By Imani Moise and Elizabeth Dilts Marshall
(Reuters) - Bank of America Corp <BAC.N> and JPMorgan Chase & Co <JPM.N> are now accepting applications for federally backed small-business loans, a sign that big U.S. banks have warmed up to the relief program after initially resisting participation.
Bank of America was the first major bank to announce its involvement in the $349 billion Payroll Protection Program on Friday, saying it had processed tens of thousands of loans within just a few hours.
JPMorgan followed around noon, saying customers could apply through its website. Earlier in the day, it had warned small business customers that it could not accept applications until receiving guidance from the U.S. Treasury Department.
Wells Fargo & Co <WFC.N> and Citigroup Inc <C.N> did not have their online portals running by Friday afternoon.
While smaller banks were already participating - helping the Treasury Department originate nearly $900 million worth of loans soon after its program kicked off - those four lenders touch a huge portion of U.S. households, and can get money out the door much more quickly to customers who already have accounts with them.
But they were reluctant to participate in the program because initial guidelines from the Treasury Department suggested lenders would be responsible for vetting applicants - and therefore might be on the hook later for fraud or other misdeeds that occur.
The industry threatened to boycott the program unless the government addressed those concerns, Reuters reported https://www.reuters.com/article/us-health-coronavirus-stimulus-banks-exc/thousands-of-u-s-banks-may-sit-out-small-business-rescue-plan-on-liability-worries-sources-idUSKBN21K075 on Wednesday.

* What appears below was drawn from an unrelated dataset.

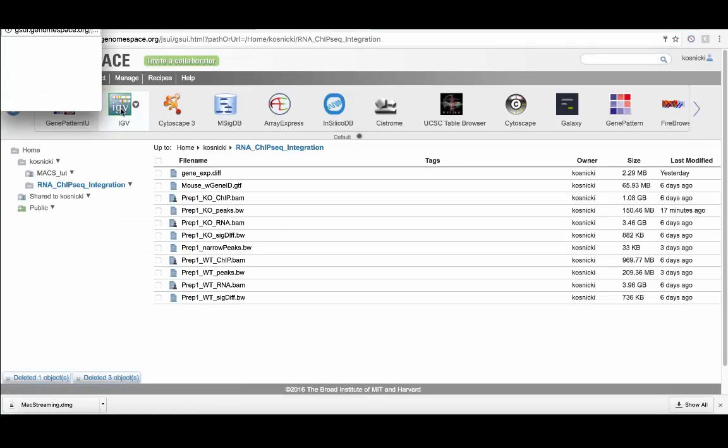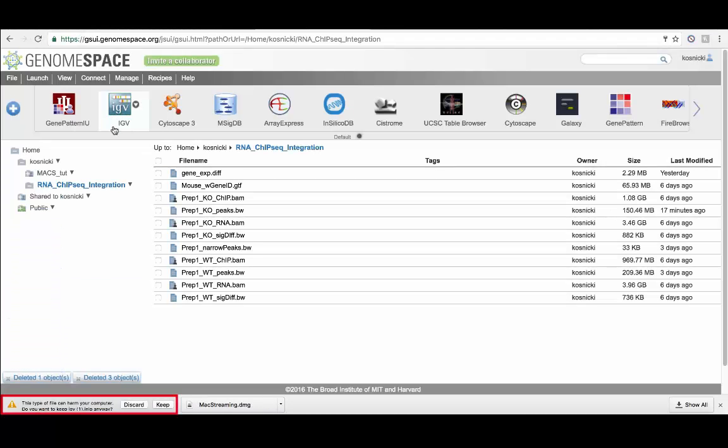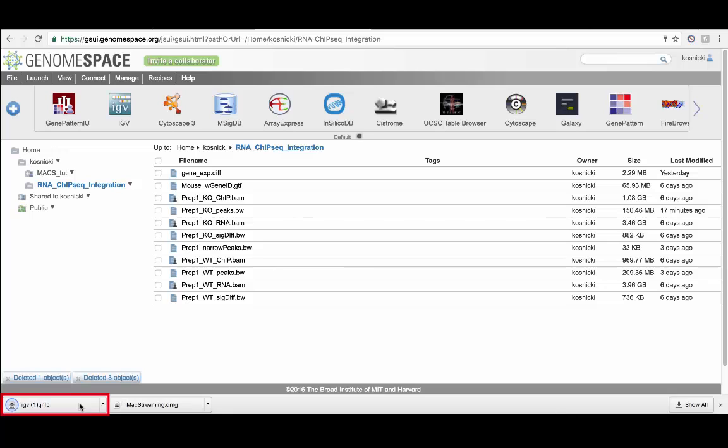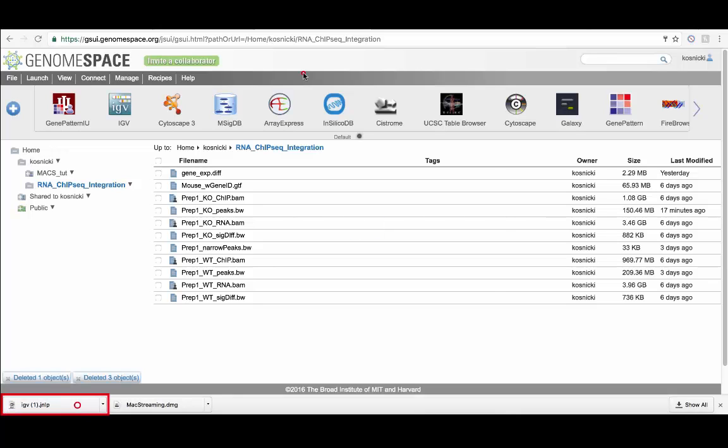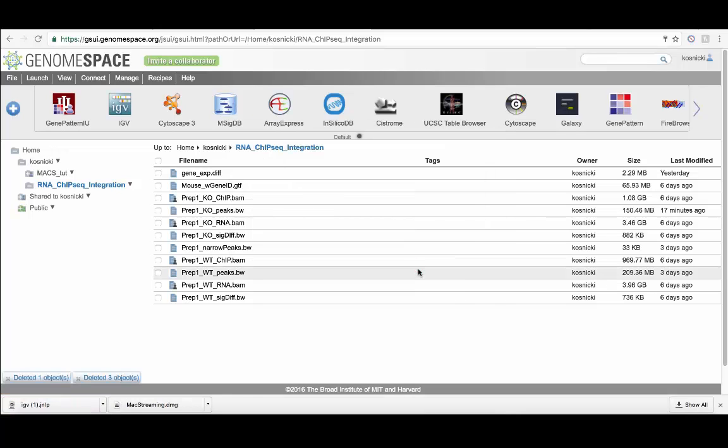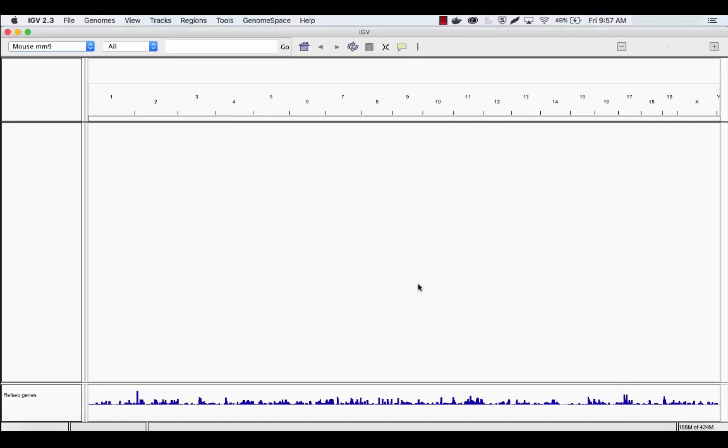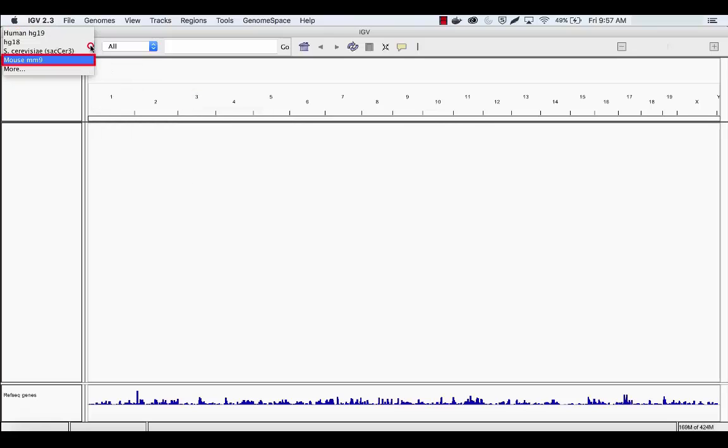Launch IGV in the GenomeSpace UI. When this instance of IGV has downloaded, double-click. Then select Run on the pop-up menu. If it isn't already selected, be sure to select the mouse MM9 Reference Genome.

Small businesses employ about half of the workers in the U.S. private sector. They have been hit hard during the outbreak of the new coronavirus, as cities and states have shut down non-essential businesses, creating painful job losses and a sharp decline in spending.
Congress approved a $2 trillion stimulus package last Friday that included the small-business program, with Trump administration officials promising to get money out to people within days of its launch.
But banks, which are handling aid requests, lacked guidance on how the program should work until a few days ago. In the meantime, confused customers flooded their phone lines trying to apply.
Critics have attacked big banks for the industry's lack of enthusiasm about the program, noting that the industry has received its own assistance for weeks through the Federal Reserve's multitrillion-dollar support for markets during the coronavirus rout.
U.S. Senator Marcio Rubio, the key sponsor of the small-business initiative in Congress, lashed out at Bank of America on Friday despite its recent participation.
He cited an unnamed small business that was denied a loan because it had deposits but not an existing credit line with the bank. Bank of America Chief Executive Brian Moynihan had said earlier in the day that his company was prioritizing existing borrowers, and that others should try their own banks first.
Rubio called that idea "a ridiculous requirement that isn't anywhere in the law."